Some of the data we have isn't training data. Purely data-driven models tend to be ensnared by Goodhart's law.
For example, suppose we're issuing 30-year term loans and we have some data that shows that people with things like country club memberships and foie gras on their credit card statements have a higher tendency not to miss payments. So we use that information to make our determination.
But people are aware we're doing this and the same data is externally available, so now people start to waste resources on extravagant luxuries in order to qualify for a loan or a low interest rate, and that only makes it more likely that they ultimately default. However, that consequence doesn't become part of the data set until years have passed and the defaults actually occur, and in the meantime we're using flawed reasoning to issue loans. When we finally figure that out after ten years, the new data we use then will have some fresh different criteria for people to game, because the data is always from the past rather than the future.
We've already seen the kind of damage this can do.
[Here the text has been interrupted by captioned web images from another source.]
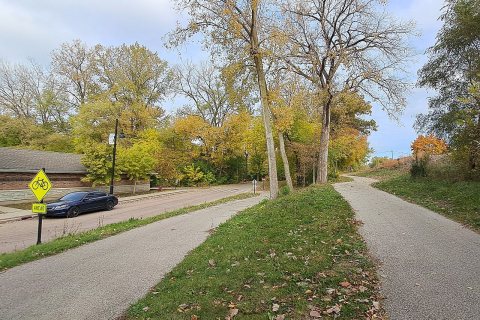 Hairpin turn at Fox River Trail - South Elgin, IL - November 2025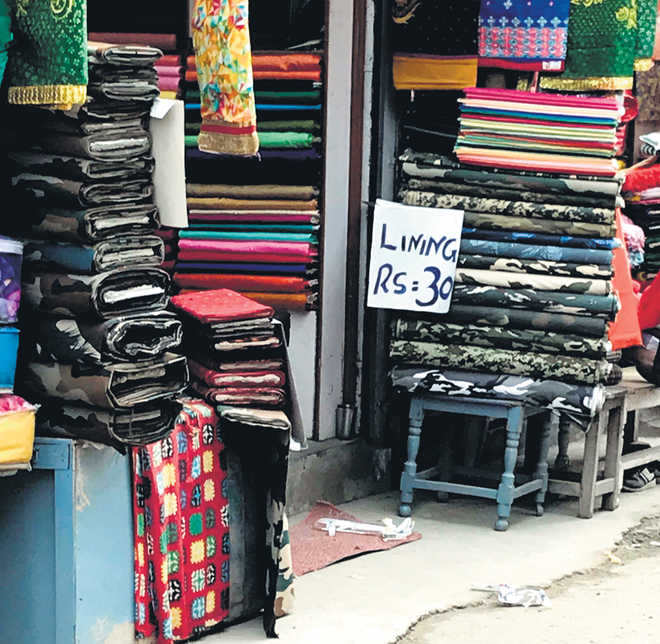 Army to take legal action against traders selling its new combat uniform :  The Tribune India
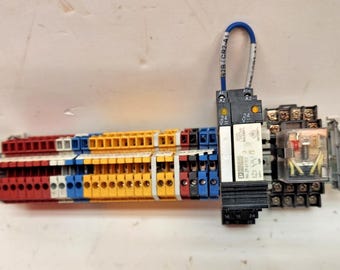 Lot 24 Phoenix Contact Terminal Blocks, Power Relay 8Pins 8A 24VDC
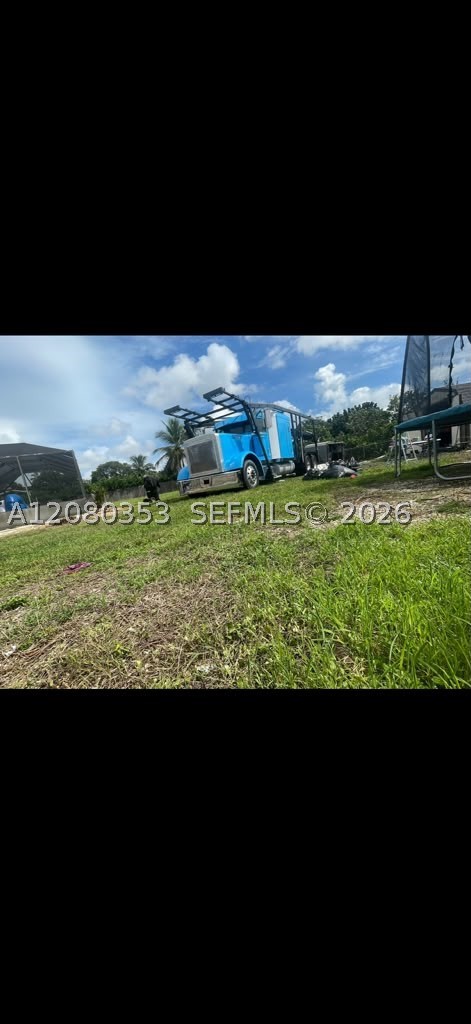 1422 NW 20th St, Homestead FL 33030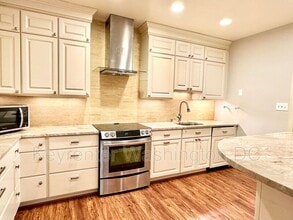 3273 Sutton Pl NW in Washington, DC - Building Photo - Building Photo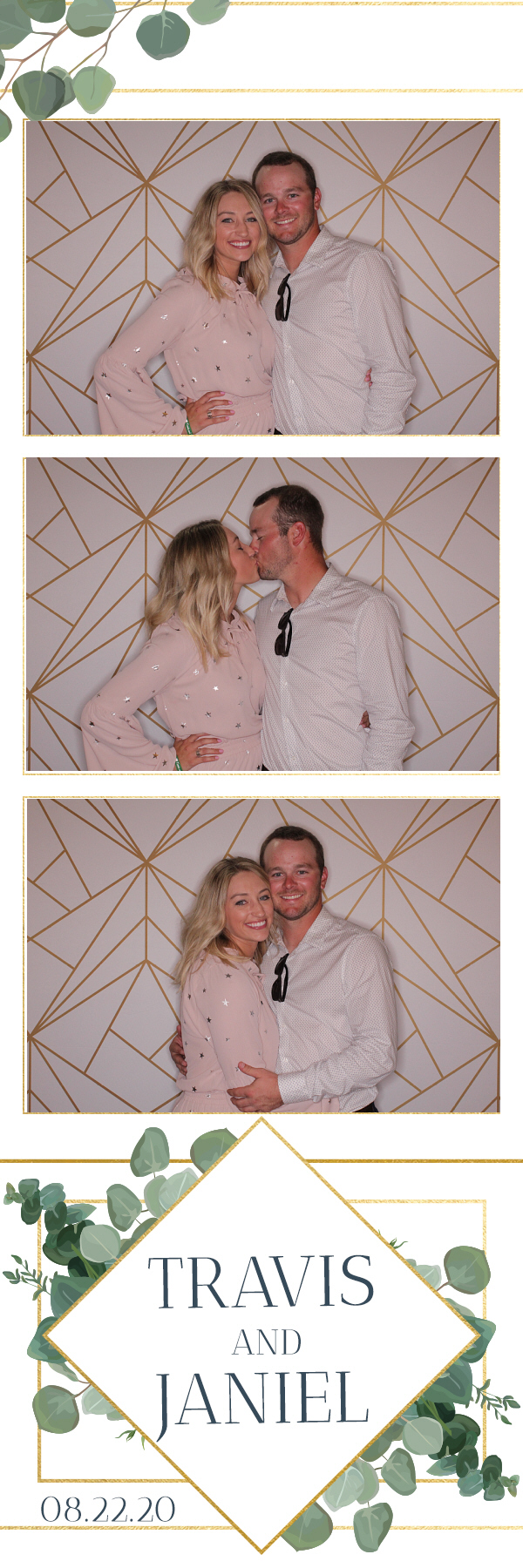 Jacquie & Dennis’ Wedding | View more photos from the event at gallery.photoboothbillings.com/u/PhotoBoothBillings/Jacquie-Dennis’-Wedding-0
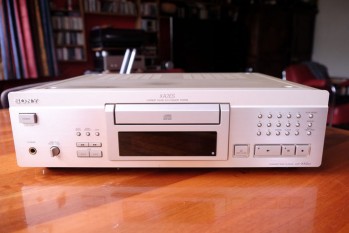 Lecteur cd Sony xa2es.jpg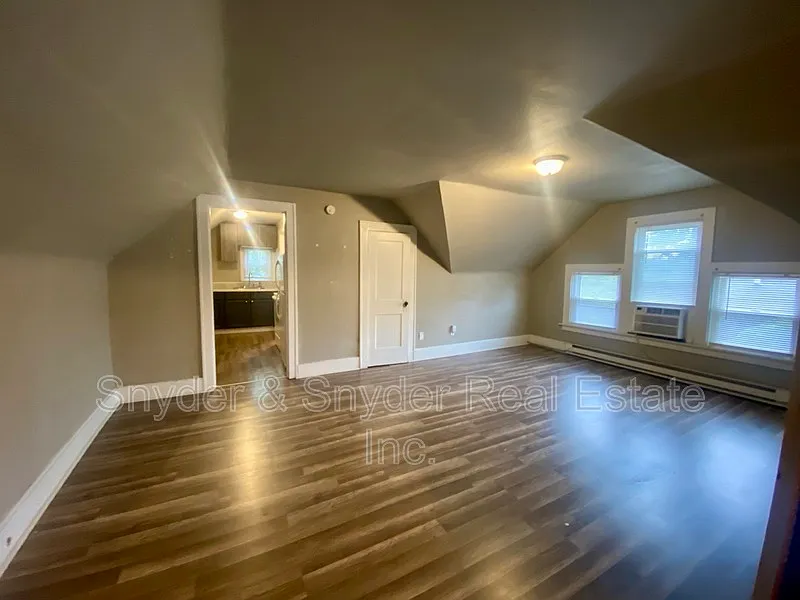 Building Photo - 438 Crestwood Ave #3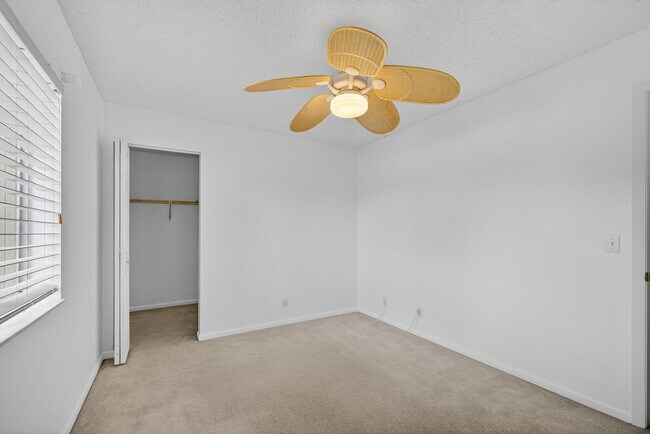 Building Photo - 4992 Sable Pine Cir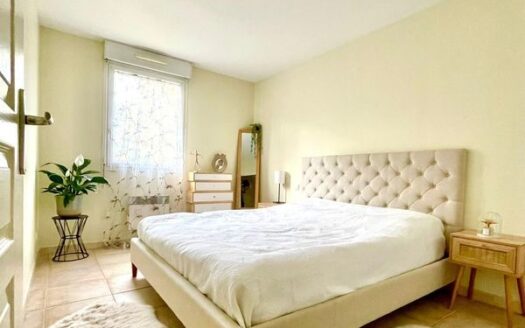 À VENDRE – Appartement type 3 avec terrasse en résidence sécurisée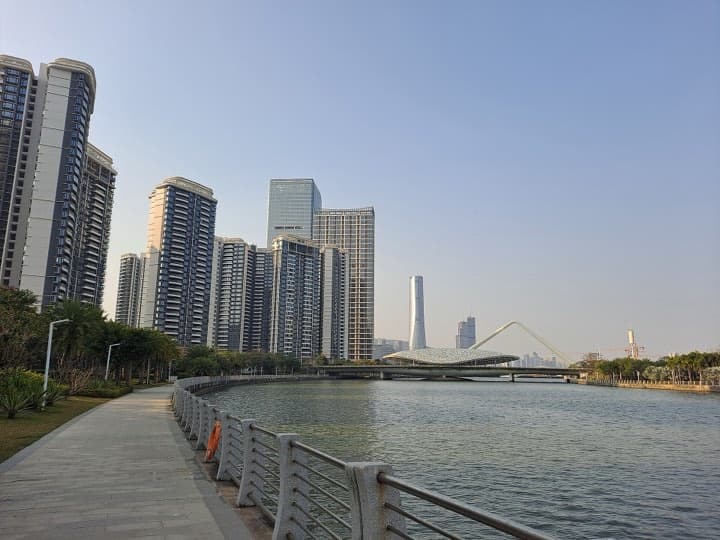 Race photo: IRONMAN 70.3 Hengqin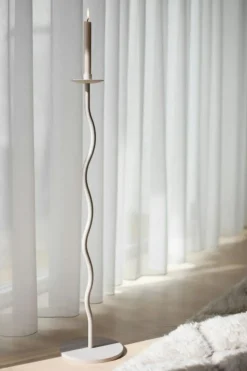 Curved Ljushållare 26 cm, Svart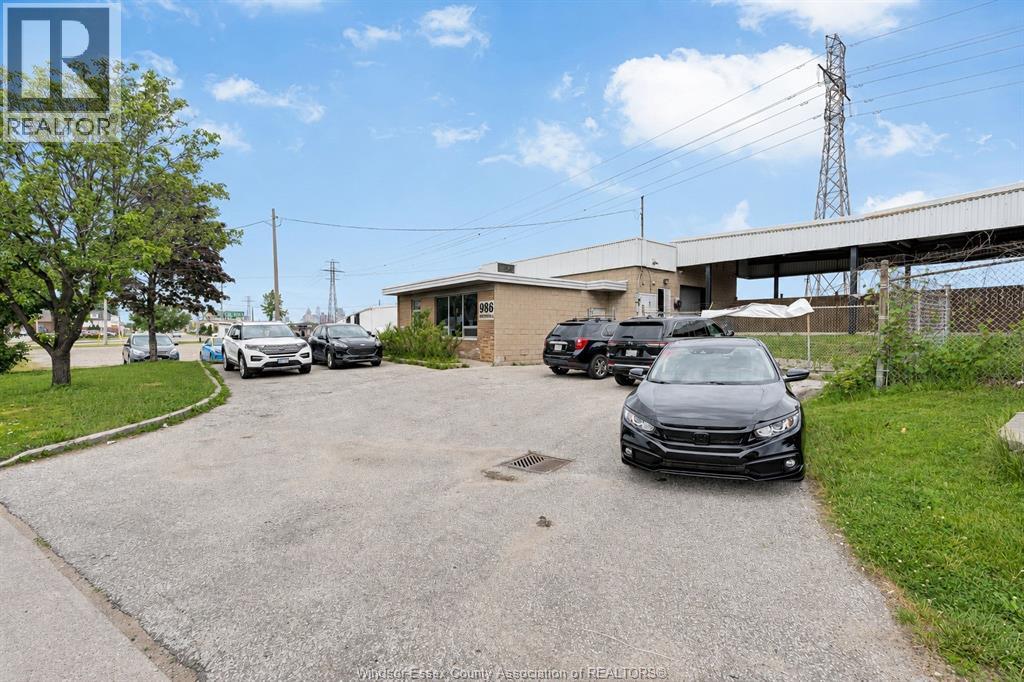 986 Tecumseh Road West, Windsor, Ontario  N8X 2A8 - Photo 2 - 26021425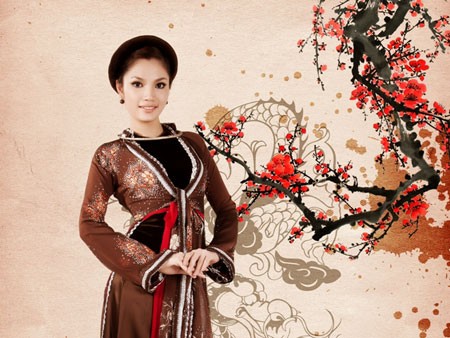 Người đẹp Lâm Na Anh cũng không "bỏ qua" được vẻ đẹp của chiếc áo tứ thân.
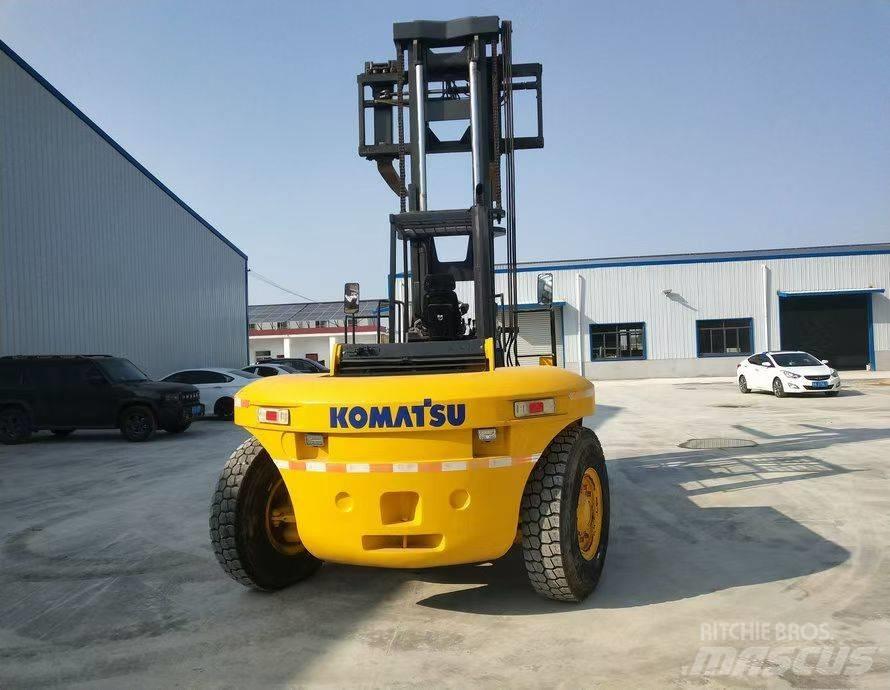 Komatsu FD200 Verreikers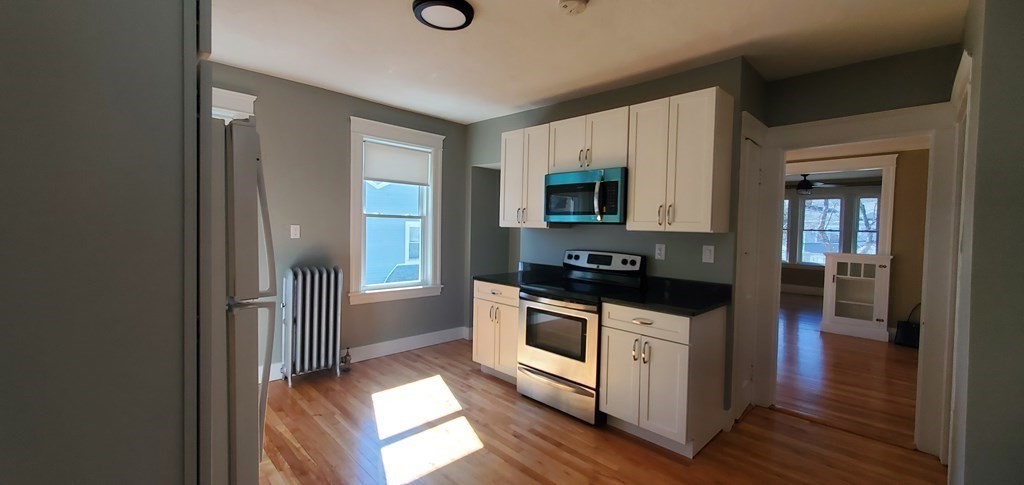 3 bed, 1 bath apartment for rent at 19 Brantwood Rd Unit 2Pl, Worcester — photo 1 of 13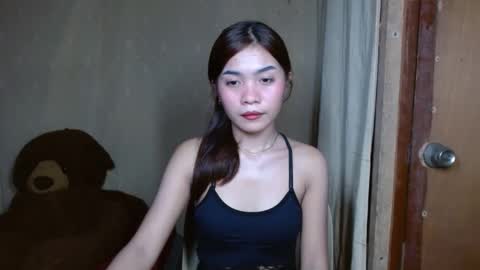 makeme_wettt online show from February 2025 03:52:01 AM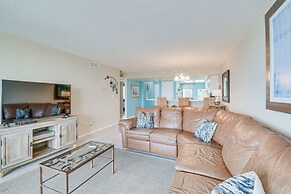 Breezy Orange Beach Condo w/ Balcony + Water View!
Politicians see data that college-educated people are better off so subsidize college loans, only to discover that the signal from having a degree that caused it to result in such gainful employment is diluted as it becomes more common, and subsidizing loans results in price inflation, and making a degree a prerequisite for jobs that shouldn't require it creates incentives for degree mills that pump out credentials but not real education.
To get out of this we have to consider not only what people have done in the past but how they are likely to respond to a given policy change, for which we have no historical data prior to when the policy is enacted, and so we need to make those predictions based on logic in addition to data or we go astray.
"Pete, it's a fool who looks for logic in the chambers of the human heart."
Logically, we might have said "prohibition will reduce substance abuse harms" but the actual data indicates that margins increased. Then, we look at the success of Portugal's decriminalization efforts and cannot at all validate our logical models.
Similarly, we might've logically claimed that "deregulation of the financial industry will help everyone" or "lowering taxes will help everyone" and the data does not support.
So, while I share the concerns about Responsible AI and encoding biases (and second-order effects of making policy recommendations according to non-causal models without critically, logically thinking first) I am very skeptical about our ability to deduce causal relations without e.g. blind, randomized, longitudinal, interventional studies (which are unfortunately basically impossible to do with [economic] policy because there is no "ceteris paribus")
"Causal Inference Book" https://news.ycombinator.com/item?id=17504366
> Causal inference (Causal reasoning) https://en.wikipedia.org/wiki/Causal_inference ( https://en.wikipedia.org/wiki/Causal_reasoning )
This is also a strong argument for "laboratories of democracy" and local control -- if everybody agrees what to do then there is no dispute, but if they don't then let each local region have their own choice, and then we get to see what happens. It allows more experiments to be run at once. Then in the worst case the damage of doing the wrong thing is limited to a smaller area than having the same wrong policy be set nationally or internationally, and in the best case different choices are good in different ways and we get more local diversity.
Maybe we're at a local optima, though. Maybe this is a sign that we should just double down, surge on in there and get the job done by continuing to do the same thing and expecting different results. Maybe it's not the spec but the implementation.
Recommend a play according to all available data, and logic.
> This is also a strong argument for "laboratories of democracy" and local control -- if everybody agrees what to do then there is no dispute, but if they don't then let each local region have their own choice, and then we get to see what happens. It allows more experiments to be run at once. Then in the worst case the damage of doing the wrong thing is limited to a smaller area than having the same wrong policy be set nationally or internationally, and in the best case different choices are good in different ways and we get more local diversity.
"Adjusting for other factors," the analysis began.
- [ ] Exercise / procedure to be coded: Brainstorm and identify [non-independent] features that may create a more predictive model (a model with a lower error term). Search for confounding variables outside of the given data.